Task objective: Only the lines from the one containing "Bộ VHTTDL lấy" to the end of the data below belong in the answer, each repeated exactly; no pictures.

(Image-text web data)
______________________________

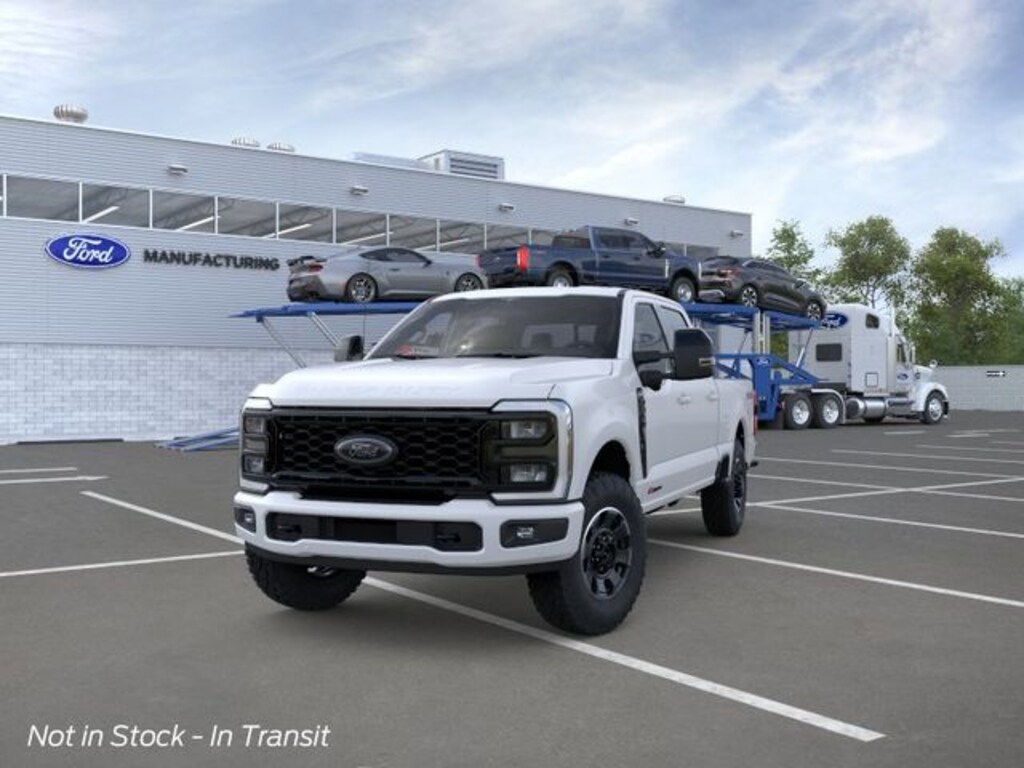 New 2026 Ford F-350SD Lariat Truck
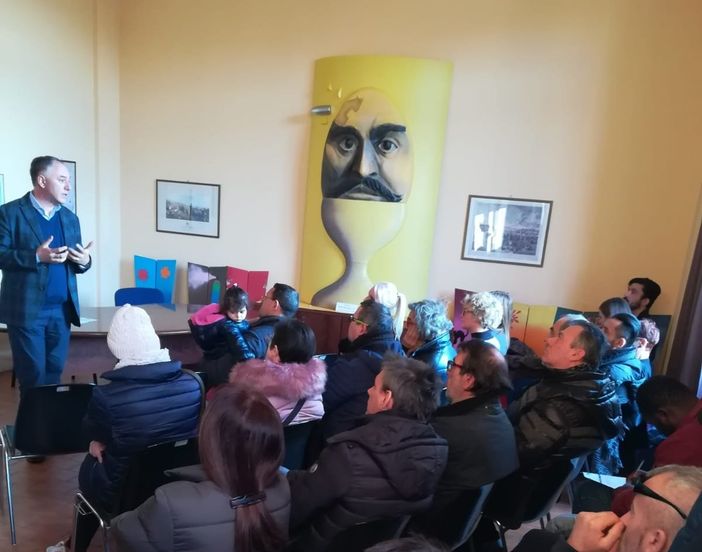 Saluzzo, incontro delle 4 agenzie formative in Comune Saluzzo, incontro delle 4 agenzie formative in Comune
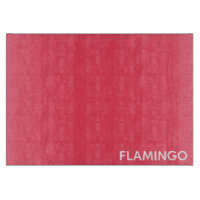 Nom de couleur rose Flamant rose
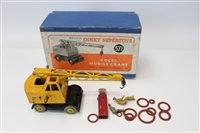 Lot 2872 - Dinky Supertoys - Coles Mobile Crane 571, in...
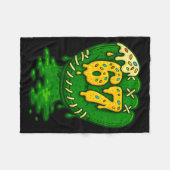 67 Ice Cream Drip Funny Six Seven Baseball Fleece Deken (Voorkant (Horizontaal))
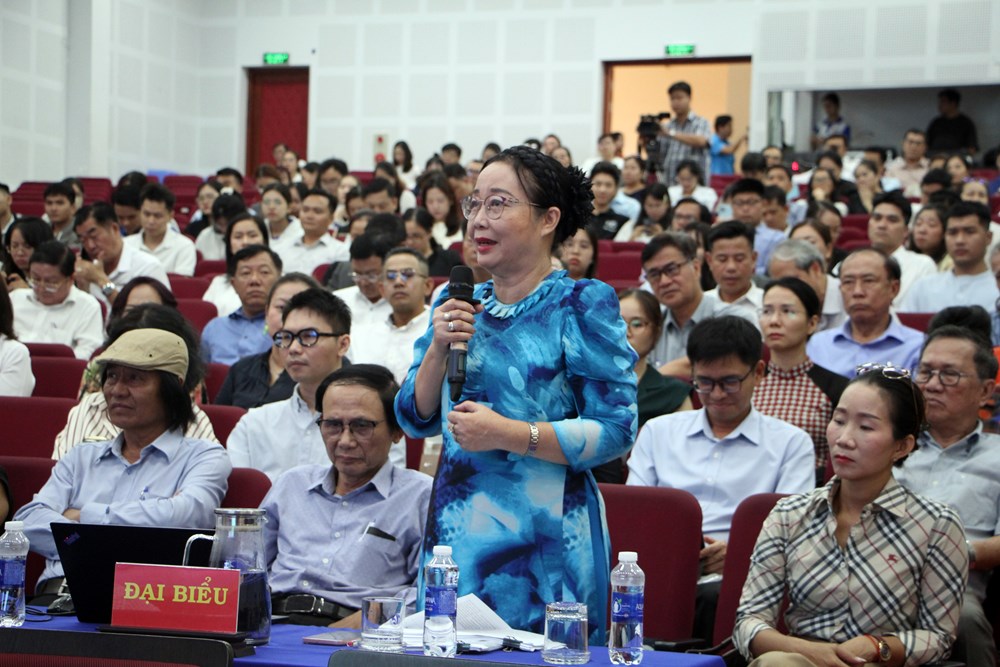 Bộ VHTTDL lấy ý kiến dự án Luật Phát triển công nghiệp văn hóa khu vực phía Nam - ảnh 4
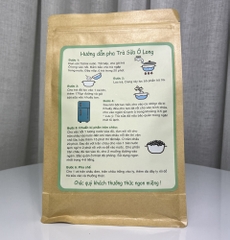 Set nguyên liệu pha Trà sữa Oolong NTFood 350g (10 - 15 ly) - Nhất Tín Food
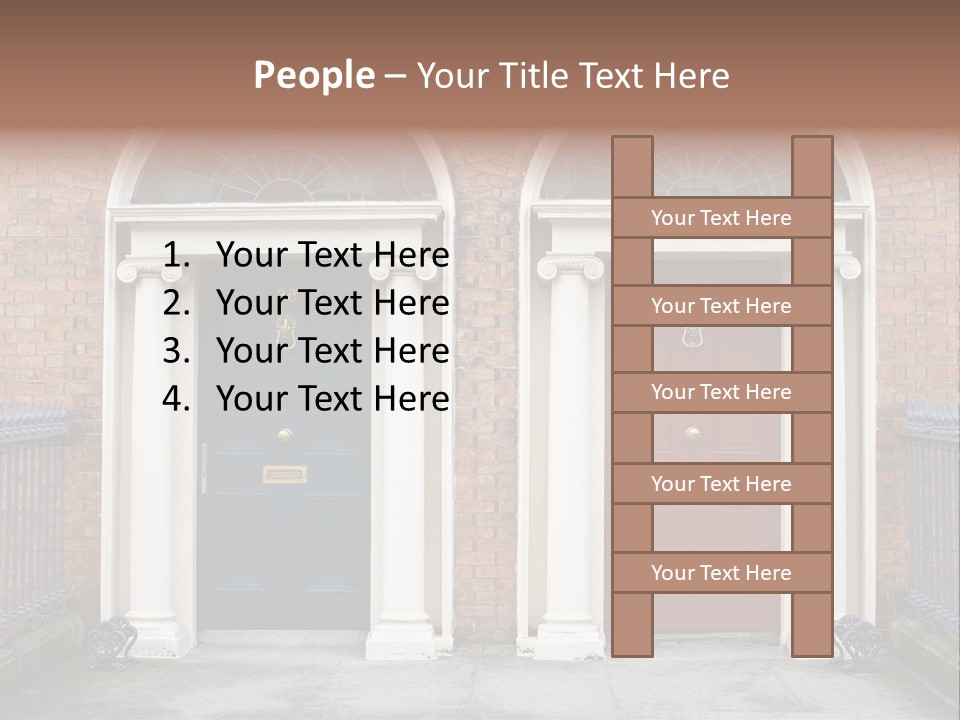 Enviroment Jump Exotic Frog PowerPoint Template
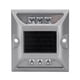 thumbnail image 1 of Lámpara de camino de muelle de entrada de carretera de aluminio ultrafuerte con energía solar 6LED impermeable al aire libre blanco, 1 of 8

______________________________

Solved problem:
 Bộ VHTTDL lấy ý kiến dự án Luật Phát triển công nghiệp văn hóa khu vực phía Nam - ảnh 4
 Set nguyên liệu pha Trà sữa Oolong NTFood 350g (10 - 15 ly) - Nhất Tín Food
 Enviroment Jump Exotic Frog PowerPoint Template
 thumbnail image 1 of Lámpara de camino de muelle de entrada de carretera de aluminio ultrafuerte con energía solar 6LED impermeable al aire libre blanco, 1 of 8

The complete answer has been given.